Money  /  Digital History

Employer Organizing: The Importance of Hobnobbing

The focus of labor history is often—unsurprisingly—workers’ organizations and what has made them thrive or languish. But employers organized, too.

The focus of labor history is often—unsurprisingly—workers’ organizations and what has made them thrive or languish. But employers organized, too. Examining their efforts to do so illuminates the problems of collective action for both workers and employers.

One of the best-known employer organizations is the National Association of Manufacturers (NAM). The NAM, which still exists, was founded in 1895 mainly to promote foreign trade, but in 1902–1903 it pivoted to opposing the rising labor movement. This line quickly brought results—while labor unions’ growth and lobbying successes stalled for a decade, the NAM gained members rapidly.

The NAM was national in scope. As the map below shows, it had active members in most industrial cities in the eastern half of the United States. Its goals, too, were national: among other things, it aimed to undercut the American Federation of Labor (AFL) nationwide and to ensure that no pro-labor legislation could be passed in the U.S. Congress.

Black and White heat map of the United States

Figure 1: Heatmap of active NAM members, 1902–1912. Data compiled from NAM correspondence and geocoded with GPS Visualizer, https://www.gpsvisualizer.com/geocoder/. Map made with MapBox Studio, https://www.mapbox.com/. For more technical details on this and other figures, and for the data used to construct them, see Vilja Hulden,“Documentation of Digital Work in the Bosses’ Union,” Github, https://github.com/vhulden/bossesunion/.

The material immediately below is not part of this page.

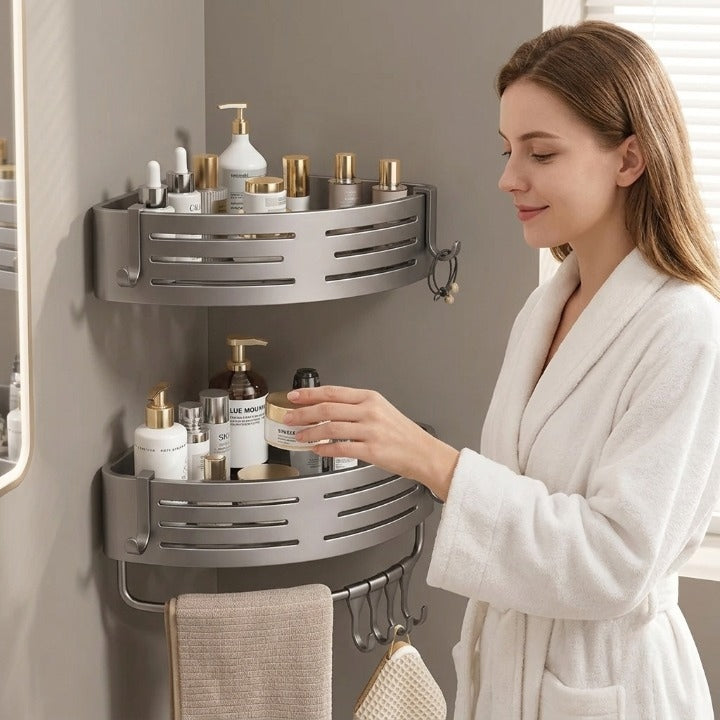 Bathroom Corner Shelf Set Drill-Free Aluminum Slatted 8 Hooks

Despite its national orientation, the NAM’s power largely stemmed from the local level. Quite deliberately, the NAM mapped out which political notables its members knew personally, and then used those personal connections to strengthen its lobbying efforts. This strategy was particularly useful since the NAM’s main goal was not to pass legislation but to prevent its passage, which did not require mustering majorities. Instead, the NAM could block legislation by exerting pressure on key players in Congress. This might mean convincing a committee member or two to change their minds about whether a bill should be reported out of committee, for example, or persuading the Senate’s Steering Committee to keep a bill off the calendar for debate and voting.

Using its members’ personal connections with Congressmen was central to one of the NAM’s first antilabor campaigns in 1902–1903, which aimed to block an AFL-promoted bill that would limit the workday for government contract work to eight hours. The bill was quite popular in Congress, having passed the House multiple times. Fearing that the bill might soon pass in the Senate, the NAM looked to leverage personal influence to stall the legislative process.